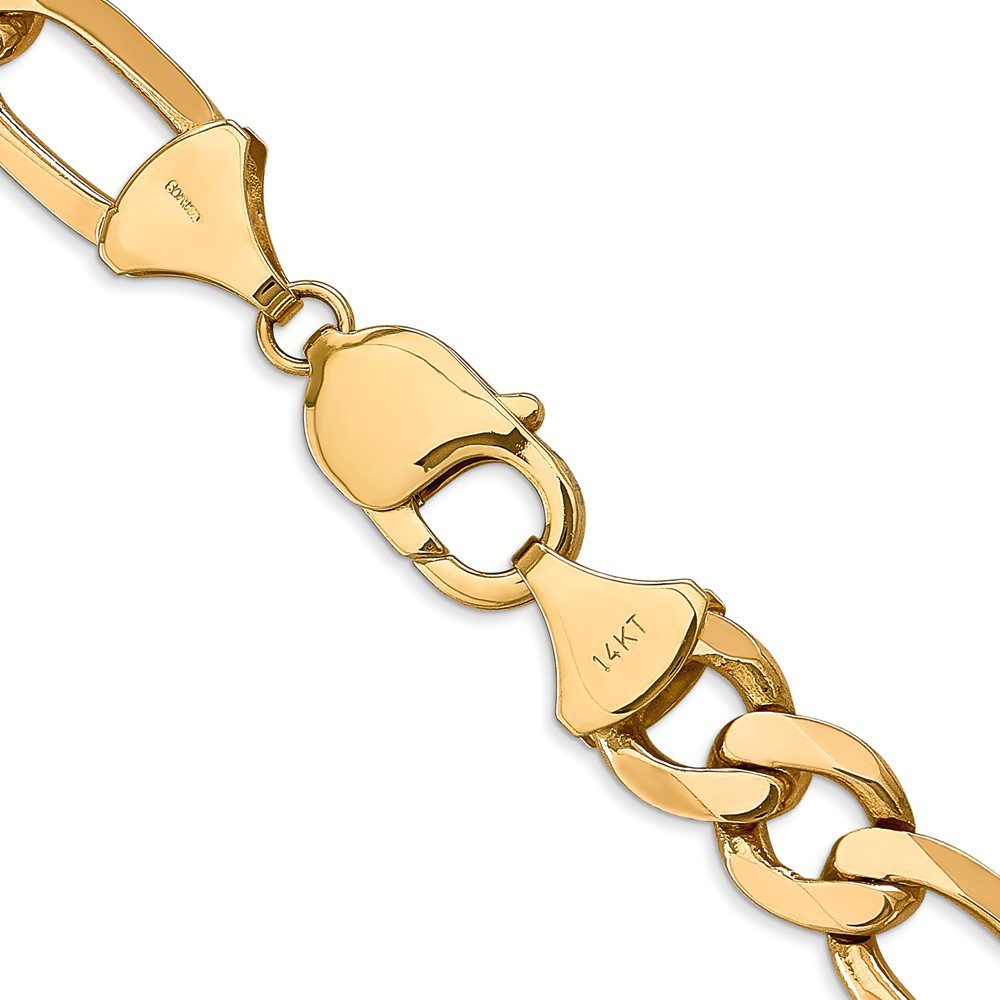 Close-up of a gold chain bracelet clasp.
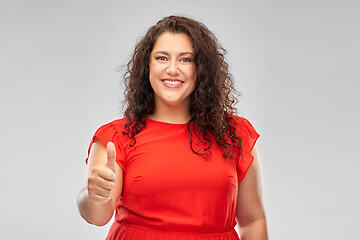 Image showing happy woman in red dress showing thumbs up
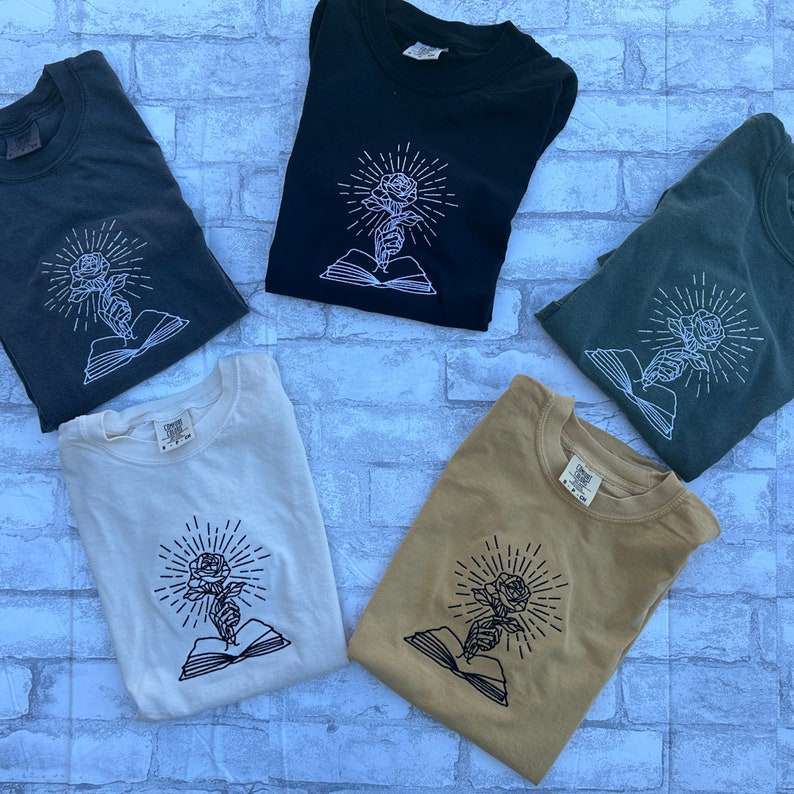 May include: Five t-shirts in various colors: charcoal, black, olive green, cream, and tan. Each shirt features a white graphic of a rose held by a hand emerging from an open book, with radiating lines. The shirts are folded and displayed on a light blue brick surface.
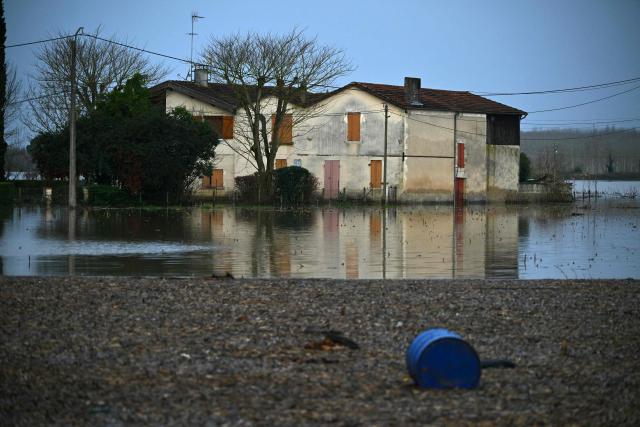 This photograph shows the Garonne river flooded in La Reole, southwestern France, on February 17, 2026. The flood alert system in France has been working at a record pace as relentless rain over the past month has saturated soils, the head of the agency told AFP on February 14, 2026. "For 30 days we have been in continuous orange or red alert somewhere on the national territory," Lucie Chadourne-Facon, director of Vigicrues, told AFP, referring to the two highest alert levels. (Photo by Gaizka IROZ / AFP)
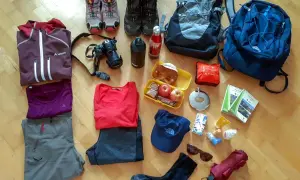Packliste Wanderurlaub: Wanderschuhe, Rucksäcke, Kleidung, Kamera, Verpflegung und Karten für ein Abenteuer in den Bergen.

===

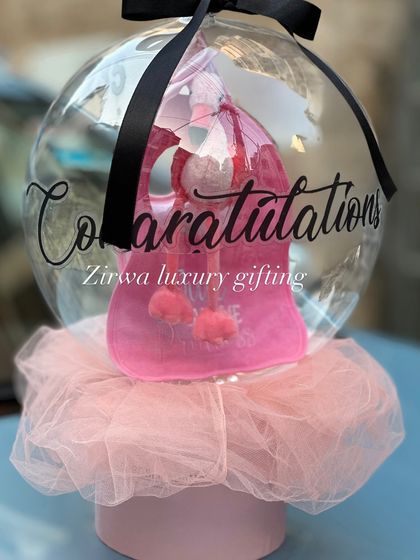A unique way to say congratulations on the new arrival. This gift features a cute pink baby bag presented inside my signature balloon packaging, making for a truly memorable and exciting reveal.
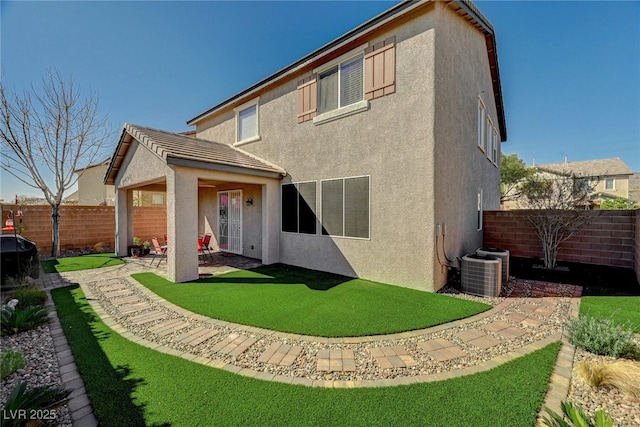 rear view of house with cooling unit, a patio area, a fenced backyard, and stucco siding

===

**Work instructions:**
Reproduce exactly the lines of the data above that run from the line with "Close-up of a gold chain bracelet clasp." down to the line with "in den Bergen.", both ends included. Pictures do not belong in the copy.

**Result of the exercise:**
 Close-up of a gold chain bracelet clasp.
 Image showing happy woman in red dress showing thumbs up
 May include: Five t-shirts in various colors: charcoal, black, olive green, cream, and tan. Each shirt features a white graphic of a rose held by a hand emerging from an open book, with radiating lines. The shirts are folded and displayed on a light blue brick surface.
 This photograph shows the Garonne river flooded in La Reole, southwestern France, on February 17, 2026. The flood alert system in France has been working at a record pace as relentless rain over the past month has saturated soils, the head of the agency told AFP on February 14, 2026. "For 30 days we have been in continuous orange or red alert somewhere on the national territory," Lucie Chadourne-Facon, director of Vigicrues, told AFP, referring to the two highest alert levels. (Photo by Gaizka IROZ / AFP)
Packliste Wanderurlaub: Wanderschuhe, Rucksäcke, Kleidung, Kamera, Verpflegung und Karten für ein Abenteuer in den Bergen.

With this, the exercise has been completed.